Cell surface marker heterogeneity in human myeloma cell lines for modeling of disease and therapy

Abstract

Multiple myeloma (MM) is a hematological malignancy originating from plasma cells. Genetically, MM is categorized into two subtypes: hyperdiploid and non-hyperdiploid tumors, with distinct chromosomal characteristics. Human myeloma cell lines (HMCLs) are instrumental in understanding MM and identifying therapeutic targets.
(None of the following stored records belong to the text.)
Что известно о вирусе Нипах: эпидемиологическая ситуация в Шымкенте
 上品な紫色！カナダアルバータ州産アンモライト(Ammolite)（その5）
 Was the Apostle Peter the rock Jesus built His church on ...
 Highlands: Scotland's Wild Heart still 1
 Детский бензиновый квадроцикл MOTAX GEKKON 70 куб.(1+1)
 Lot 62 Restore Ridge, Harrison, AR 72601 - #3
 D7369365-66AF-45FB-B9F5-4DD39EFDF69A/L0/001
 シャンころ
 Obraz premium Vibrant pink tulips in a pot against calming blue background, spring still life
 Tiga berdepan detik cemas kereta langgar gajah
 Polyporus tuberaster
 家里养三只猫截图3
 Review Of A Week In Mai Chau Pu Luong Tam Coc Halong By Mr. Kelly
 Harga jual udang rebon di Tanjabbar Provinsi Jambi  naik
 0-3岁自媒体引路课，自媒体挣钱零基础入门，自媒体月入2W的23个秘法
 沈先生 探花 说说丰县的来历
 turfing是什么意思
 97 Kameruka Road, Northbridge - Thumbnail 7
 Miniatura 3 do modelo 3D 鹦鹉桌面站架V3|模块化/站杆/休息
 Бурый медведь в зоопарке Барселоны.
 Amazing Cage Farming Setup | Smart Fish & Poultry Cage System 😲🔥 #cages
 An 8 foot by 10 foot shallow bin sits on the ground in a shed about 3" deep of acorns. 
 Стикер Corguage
However, their utility depends on their resemblance to patient-derived cells. We analyzed protein expression of cell surface markers, including myeloma drug targets and immunotherapy-relevant markers, in nine HMCLs using flow cytometry. RNAseq analysis was performed to correlate protein expression with transcriptomic data. While five cell surface markers (CD47, CD49d, CD138, CD269 (BCMA), and GPRC5D) were highly expressed and three (CD19, CD20, and CD117) were low or negative across cell lines, heterogenous expression was observed for the 16 remaining markers. A comparative study with patient-derived transcriptomic data indicated that four of our six in-house HMCLs closely resembled patient disease. Furthermore, our hyperdiploid HMCLs correlated better with hyperdiploid than non-hyperdiploid patient samples. Here, we also describe three previously uncharacterized HMCLs; IH-1, URVIN and FOLE. Our findings underscore the importance of evaluating surface protein expression in HMCLs when modeling MM. The observed variations in expression levels emphasize the need for a strategic selection of cell lines based on the study’s objectives.